**** Stored data

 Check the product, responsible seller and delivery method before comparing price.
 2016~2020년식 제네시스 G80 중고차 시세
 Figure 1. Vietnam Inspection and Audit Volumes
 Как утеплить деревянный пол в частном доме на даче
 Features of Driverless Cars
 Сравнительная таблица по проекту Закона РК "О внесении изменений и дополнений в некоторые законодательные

********

--- Work request ---
The expected answer is a word-for-word copy of every line from the one that contains "2016~2020년식 제네시스 G80 중고차 시세" through the final line of the material.

--- Exercise result ---
 2016~2020년식 제네시스 G80 중고차 시세
 Figure 1. Vietnam Inspection and Audit Volumes
 Как утеплить деревянный пол в частном доме на даче
 Features of Driverless Cars
 Сравнительная таблица по проекту Закона РК "О внесении изменений и дополнений в некоторые законодательные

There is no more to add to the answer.